| PROBLEM TO SOLVE |
Report how many lines in the data below hold "SPOILED", with no other words.
### THE RECORDS ###
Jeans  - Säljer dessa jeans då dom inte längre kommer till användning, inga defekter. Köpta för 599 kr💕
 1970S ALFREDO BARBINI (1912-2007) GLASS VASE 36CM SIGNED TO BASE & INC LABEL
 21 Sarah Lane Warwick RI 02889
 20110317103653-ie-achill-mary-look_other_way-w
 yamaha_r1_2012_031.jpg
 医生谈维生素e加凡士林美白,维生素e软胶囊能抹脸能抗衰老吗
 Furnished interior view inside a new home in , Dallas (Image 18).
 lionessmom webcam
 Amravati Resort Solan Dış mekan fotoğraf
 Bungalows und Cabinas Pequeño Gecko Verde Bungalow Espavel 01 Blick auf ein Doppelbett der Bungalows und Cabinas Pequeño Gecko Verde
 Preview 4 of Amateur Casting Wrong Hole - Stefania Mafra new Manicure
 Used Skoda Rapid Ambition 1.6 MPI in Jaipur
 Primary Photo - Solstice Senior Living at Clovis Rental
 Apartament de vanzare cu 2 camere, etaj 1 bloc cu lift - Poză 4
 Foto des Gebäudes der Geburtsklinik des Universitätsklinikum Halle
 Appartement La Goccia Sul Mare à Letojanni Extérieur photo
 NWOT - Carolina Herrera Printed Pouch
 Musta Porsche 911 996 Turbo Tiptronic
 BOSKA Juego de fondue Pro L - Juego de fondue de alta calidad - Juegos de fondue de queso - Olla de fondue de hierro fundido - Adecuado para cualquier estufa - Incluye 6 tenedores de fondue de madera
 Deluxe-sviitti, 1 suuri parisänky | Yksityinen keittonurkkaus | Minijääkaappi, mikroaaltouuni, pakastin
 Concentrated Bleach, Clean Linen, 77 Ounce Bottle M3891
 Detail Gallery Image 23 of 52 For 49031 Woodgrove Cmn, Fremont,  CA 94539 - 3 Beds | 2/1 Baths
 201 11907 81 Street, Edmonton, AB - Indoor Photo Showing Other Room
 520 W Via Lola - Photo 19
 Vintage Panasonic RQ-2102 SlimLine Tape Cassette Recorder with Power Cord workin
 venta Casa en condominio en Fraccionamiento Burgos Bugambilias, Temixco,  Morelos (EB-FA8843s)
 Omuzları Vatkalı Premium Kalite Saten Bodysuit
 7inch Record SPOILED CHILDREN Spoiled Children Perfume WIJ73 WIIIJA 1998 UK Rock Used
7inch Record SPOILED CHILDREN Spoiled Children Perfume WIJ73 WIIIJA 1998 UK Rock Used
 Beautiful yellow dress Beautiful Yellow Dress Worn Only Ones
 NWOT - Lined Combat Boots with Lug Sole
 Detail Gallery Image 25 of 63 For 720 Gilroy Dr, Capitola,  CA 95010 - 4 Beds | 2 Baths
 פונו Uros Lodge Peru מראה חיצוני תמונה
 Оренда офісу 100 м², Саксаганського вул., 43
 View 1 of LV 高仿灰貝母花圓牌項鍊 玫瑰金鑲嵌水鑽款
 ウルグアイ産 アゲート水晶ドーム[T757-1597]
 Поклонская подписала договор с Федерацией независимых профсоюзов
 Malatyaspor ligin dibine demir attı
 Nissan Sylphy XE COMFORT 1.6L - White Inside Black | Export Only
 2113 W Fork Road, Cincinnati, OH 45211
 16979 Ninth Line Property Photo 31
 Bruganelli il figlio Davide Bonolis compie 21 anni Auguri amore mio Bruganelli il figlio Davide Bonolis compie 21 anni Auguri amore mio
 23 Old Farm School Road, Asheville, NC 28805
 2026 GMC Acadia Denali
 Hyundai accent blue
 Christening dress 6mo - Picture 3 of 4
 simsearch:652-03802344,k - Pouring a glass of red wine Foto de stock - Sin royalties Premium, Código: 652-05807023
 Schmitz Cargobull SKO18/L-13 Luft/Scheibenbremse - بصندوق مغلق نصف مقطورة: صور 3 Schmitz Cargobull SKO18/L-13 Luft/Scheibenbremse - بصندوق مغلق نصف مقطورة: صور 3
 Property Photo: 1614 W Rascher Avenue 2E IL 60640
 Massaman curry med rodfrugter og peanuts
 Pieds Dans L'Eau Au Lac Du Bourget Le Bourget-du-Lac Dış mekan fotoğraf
###
| YOUR RESPONSE |
2